:: Given records ::
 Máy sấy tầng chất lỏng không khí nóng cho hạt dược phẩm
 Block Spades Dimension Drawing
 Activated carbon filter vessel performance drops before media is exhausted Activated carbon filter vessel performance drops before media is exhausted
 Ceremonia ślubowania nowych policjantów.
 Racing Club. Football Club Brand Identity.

---

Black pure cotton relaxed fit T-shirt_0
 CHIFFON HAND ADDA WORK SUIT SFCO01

:: Required action ::
The expected output is exactly the lines of the listing above between the line holding "Máy sấy tầng" and the line holding "Racing Club. Football Club Brand Identity.", inclusive.

:: Solution below ::
 Máy sấy tầng chất lỏng không khí nóng cho hạt dược phẩm
 Block Spades Dimension Drawing
 Activated carbon filter vessel performance drops before media is exhausted Activated carbon filter vessel performance drops before media is exhausted
 Ceremonia ślubowania nowych policjantów.
 Racing Club. Football Club Brand Identity.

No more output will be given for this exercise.